While historians of the frontier experience in northern New Spain and the Spanish Borderlands have made numerous contributions to knowledge over the past eight decades, they have devoted little attention to Spain’s southern frontier in Chile and Argentina. Indeed, scholars have lamented the relative lack of published works pertaining to this South American frontier in both the colonial and national periods of Latin American history.

This work addresses that very inadequacy—the Spanish and Chilean frontier in the region known as “La Araucania, ’’ southward from the Bío Bío River in the period from the expedition of Pedro de Valdivia in 1551 to the last uprisings of the Mapuche Indians and civil organization of the pacified frontier by the Chilean government near the end of the nineteenth century. Its author, Ricardo Ferrando Keun, has studied and had a distinguished career in Chilean education and public service, and he is thoroughly familiar with La Araucania and its literature. However, his research also encompasses primary materials in Chile at the Biblioteca Nacional, Biblioteca del Congreso Nacional, and Museo Nacional. The text includes some documents published for the first time. While this enhances the importance of the work, it could have been even more valuable had the author consulted materials from Spanish archives.

Ferrando Keun’s thesis is that “La Araucania was a burning subject in the life of Chile” and a unifying force “not only in a territorial sense but in its people” (pp. 308-309). His observation that the people of this region became accustomed to a special way of life revolving around Indian uprisings, warfare, insecurity, and constant reconstructing is thought provoking and reminiscent of the people in northern New Spain.
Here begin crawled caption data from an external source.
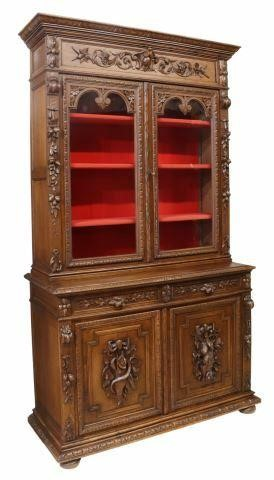 French Henri II style oak stepback bookcase late 19th c
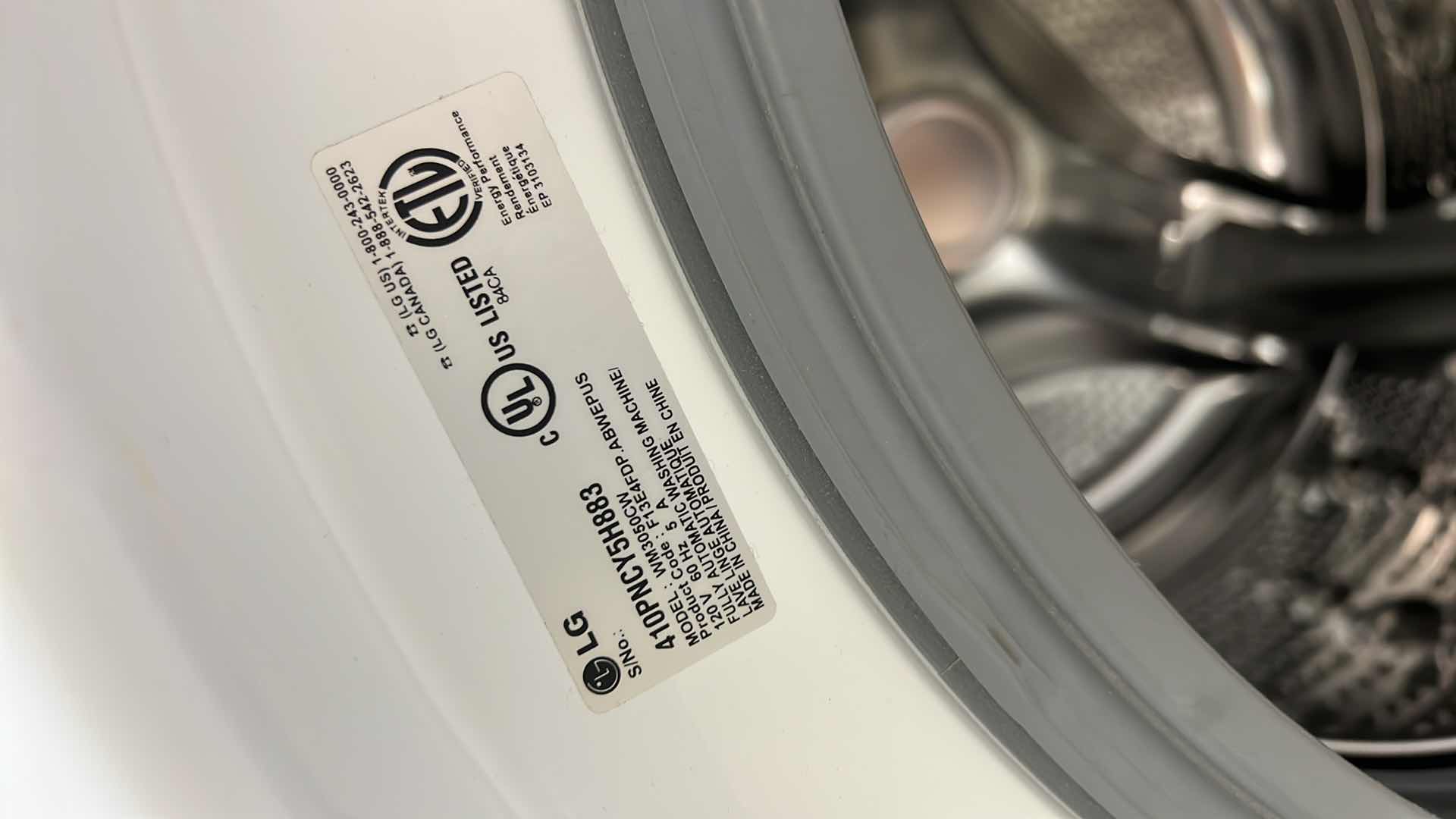 Photo 1 of WHITE LG FRONT LOAD WASHER (LIKE NEW)- MODEL WM3050CW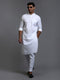 Men's White Cotton Blend Pathani Kurta With Pant Set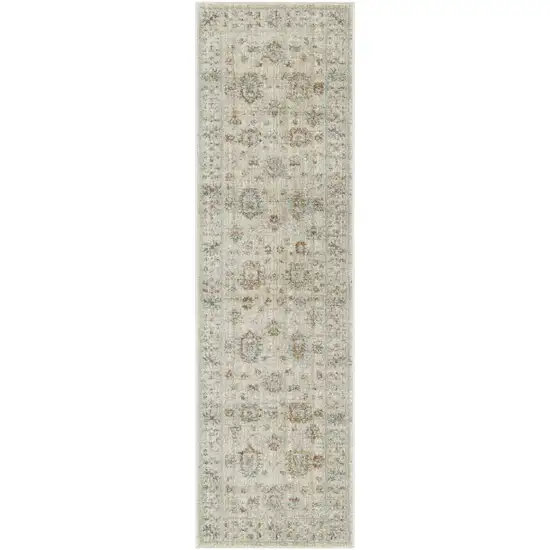 8' Beige and Ivory Oriental Power Loom Distressed Runner Rug With Fringe Photo 4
This, he concludes, molded a Chilean frontiersman who had a “certain stoicism, together with an envious faith in his future” (p. 31).

Although the author feels that La Araucania and the frontier represent “our Chilean Far West” (p. xxiii), their history really compares more closely to that of the Spanish Borderlands. For example, the fuertes of Chile strikingly resemble the presidios of northern New Spain, and ten major Mapuche uprisings parallel those of Tepehuanes, Tarahumaras, and the Pueblos in North America. Also, the frequent use of Indian auxiliaries and the establishment of “reducciones” and fortified lines of garrisons along the Bío Bío and elsewhere within the “tierra de guerra” are remarkably similar to those policies on the frontera septentrional of New Spain.

Perhaps the title should have said “se desarrolló” instead of “nació” to reflect the continued development of the Chilean frontier over the course of three and one-half centuries. Nevertheless, the book should interest Chilean historians, those from the United States who focus on the Spanish frontier experience, and others in the general fields of colonial and national Latin American history. Well researched, carefully written, and thorough, Y así nació la frontera offers a rare glimpse of the Chilean southern frontier.